_Prompt_
Among the entries below, one stretch runs from the line that contains "YA ZHOU LONG" through the line that contains "Travel Utensils with". Repeat that stretch exactly, ends included, and only that.

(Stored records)
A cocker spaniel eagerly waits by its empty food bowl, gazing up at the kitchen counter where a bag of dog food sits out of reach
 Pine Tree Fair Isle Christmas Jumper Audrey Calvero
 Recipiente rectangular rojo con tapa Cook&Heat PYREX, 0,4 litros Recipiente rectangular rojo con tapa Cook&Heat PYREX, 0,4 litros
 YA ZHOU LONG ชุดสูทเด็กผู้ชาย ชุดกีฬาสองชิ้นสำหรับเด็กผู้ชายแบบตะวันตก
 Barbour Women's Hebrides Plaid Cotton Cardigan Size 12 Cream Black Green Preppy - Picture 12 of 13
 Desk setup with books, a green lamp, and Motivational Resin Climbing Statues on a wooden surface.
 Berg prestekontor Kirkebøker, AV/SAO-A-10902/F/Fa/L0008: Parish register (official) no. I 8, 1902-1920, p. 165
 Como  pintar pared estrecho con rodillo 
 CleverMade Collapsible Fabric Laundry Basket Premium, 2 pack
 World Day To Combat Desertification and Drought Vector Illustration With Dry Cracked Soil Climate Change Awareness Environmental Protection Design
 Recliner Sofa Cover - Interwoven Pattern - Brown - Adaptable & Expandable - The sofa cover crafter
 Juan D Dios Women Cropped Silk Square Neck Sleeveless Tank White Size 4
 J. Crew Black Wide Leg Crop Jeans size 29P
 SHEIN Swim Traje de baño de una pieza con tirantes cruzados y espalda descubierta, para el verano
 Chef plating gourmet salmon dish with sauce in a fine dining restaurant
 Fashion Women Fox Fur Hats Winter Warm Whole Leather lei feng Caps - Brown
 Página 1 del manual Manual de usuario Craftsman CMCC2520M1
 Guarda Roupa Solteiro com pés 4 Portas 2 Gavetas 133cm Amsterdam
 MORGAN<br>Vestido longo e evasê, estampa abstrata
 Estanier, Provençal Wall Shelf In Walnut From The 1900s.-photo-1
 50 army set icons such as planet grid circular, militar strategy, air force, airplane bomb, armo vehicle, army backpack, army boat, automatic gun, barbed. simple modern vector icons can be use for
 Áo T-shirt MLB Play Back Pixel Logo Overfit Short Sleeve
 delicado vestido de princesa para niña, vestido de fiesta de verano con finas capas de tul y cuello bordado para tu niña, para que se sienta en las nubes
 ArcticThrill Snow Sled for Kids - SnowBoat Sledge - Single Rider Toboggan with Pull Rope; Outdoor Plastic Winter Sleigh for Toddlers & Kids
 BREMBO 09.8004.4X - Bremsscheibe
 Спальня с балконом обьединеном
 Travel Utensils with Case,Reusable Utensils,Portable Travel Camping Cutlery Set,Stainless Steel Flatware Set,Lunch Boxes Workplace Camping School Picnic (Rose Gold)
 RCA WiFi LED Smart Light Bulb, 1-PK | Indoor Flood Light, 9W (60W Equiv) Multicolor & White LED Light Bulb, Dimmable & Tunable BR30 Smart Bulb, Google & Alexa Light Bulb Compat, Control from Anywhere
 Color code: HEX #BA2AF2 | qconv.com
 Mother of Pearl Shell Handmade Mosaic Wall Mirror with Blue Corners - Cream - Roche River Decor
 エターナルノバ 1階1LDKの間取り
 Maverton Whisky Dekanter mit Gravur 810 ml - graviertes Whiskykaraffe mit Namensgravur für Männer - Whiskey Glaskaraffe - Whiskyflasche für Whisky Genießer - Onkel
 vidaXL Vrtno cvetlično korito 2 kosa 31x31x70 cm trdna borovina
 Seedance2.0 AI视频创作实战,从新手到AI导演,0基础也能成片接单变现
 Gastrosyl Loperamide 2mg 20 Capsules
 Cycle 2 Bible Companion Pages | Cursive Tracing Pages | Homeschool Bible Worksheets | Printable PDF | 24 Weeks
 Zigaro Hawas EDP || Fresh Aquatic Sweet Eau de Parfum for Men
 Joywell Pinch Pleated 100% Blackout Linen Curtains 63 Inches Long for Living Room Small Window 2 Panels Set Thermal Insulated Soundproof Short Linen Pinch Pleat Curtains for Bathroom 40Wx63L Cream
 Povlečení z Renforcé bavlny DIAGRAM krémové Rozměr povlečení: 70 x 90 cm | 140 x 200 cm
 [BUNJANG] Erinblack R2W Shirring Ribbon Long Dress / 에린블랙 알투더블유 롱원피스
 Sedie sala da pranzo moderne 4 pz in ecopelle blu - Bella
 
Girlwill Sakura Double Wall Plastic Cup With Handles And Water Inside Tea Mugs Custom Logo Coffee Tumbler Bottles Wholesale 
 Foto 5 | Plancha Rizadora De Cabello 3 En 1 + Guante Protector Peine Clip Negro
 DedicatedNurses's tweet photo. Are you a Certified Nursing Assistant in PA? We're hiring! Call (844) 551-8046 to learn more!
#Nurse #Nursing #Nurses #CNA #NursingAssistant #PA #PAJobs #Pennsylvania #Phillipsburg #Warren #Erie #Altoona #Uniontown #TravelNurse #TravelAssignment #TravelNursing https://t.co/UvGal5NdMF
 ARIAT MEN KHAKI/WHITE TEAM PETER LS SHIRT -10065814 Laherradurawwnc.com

_Answer to this exercise_
 YA ZHOU LONG ชุดสูทเด็กผู้ชาย ชุดกีฬาสองชิ้นสำหรับเด็กผู้ชายแบบตะวันตก
 Barbour Women's Hebrides Plaid Cotton Cardigan Size 12 Cream Black Green Preppy - Picture 12 of 13
 Desk setup with books, a green lamp, and Motivational Resin Climbing Statues on a wooden surface.
 Berg prestekontor Kirkebøker, AV/SAO-A-10902/F/Fa/L0008: Parish register (official) no. I 8, 1902-1920, p. 165
 Como  pintar pared estrecho con rodillo 
 CleverMade Collapsible Fabric Laundry Basket Premium, 2 pack
 World Day To Combat Desertification and Drought Vector Illustration With Dry Cracked Soil Climate Change Awareness Environmental Protection Design
 Recliner Sofa Cover - Interwoven Pattern - Brown - Adaptable & Expandable - The sofa cover crafter
 Juan D Dios Women Cropped Silk Square Neck Sleeveless Tank White Size 4
 J. Crew Black Wide Leg Crop Jeans size 29P
 SHEIN Swim Traje de baño de una pieza con tirantes cruzados y espalda descubierta, para el verano
 Chef plating gourmet salmon dish with sauce in a fine dining restaurant
 Fashion Women Fox Fur Hats Winter Warm Whole Leather lei feng Caps - Brown
 Página 1 del manual Manual de usuario Craftsman CMCC2520M1
 Guarda Roupa Solteiro com pés 4 Portas 2 Gavetas 133cm Amsterdam
 MORGAN<br>Vestido longo e evasê, estampa abstrata
 Estanier, Provençal Wall Shelf In Walnut From The 1900s.-photo-1
 50 army set icons such as planet grid circular, militar strategy, air force, airplane bomb, armo vehicle, army backpack, army boat, automatic gun, barbed. simple modern vector icons can be use for
 Áo T-shirt MLB Play Back Pixel Logo Overfit Short Sleeve
 delicado vestido de princesa para niña, vestido de fiesta de verano con finas capas de tul y cuello bordado para tu niña, para que se sienta en las nubes
 ArcticThrill Snow Sled for Kids - SnowBoat Sledge - Single Rider Toboggan with Pull Rope; Outdoor Plastic Winter Sleigh for Toddlers & Kids
 BREMBO 09.8004.4X - Bremsscheibe
 Спальня с балконом обьединеном
 Travel Utensils with Case,Reusable Utensils,Portable Travel Camping Cutlery Set,Stainless Steel Flatware Set,Lunch Boxes Workplace Camping School Picnic (Rose Gold)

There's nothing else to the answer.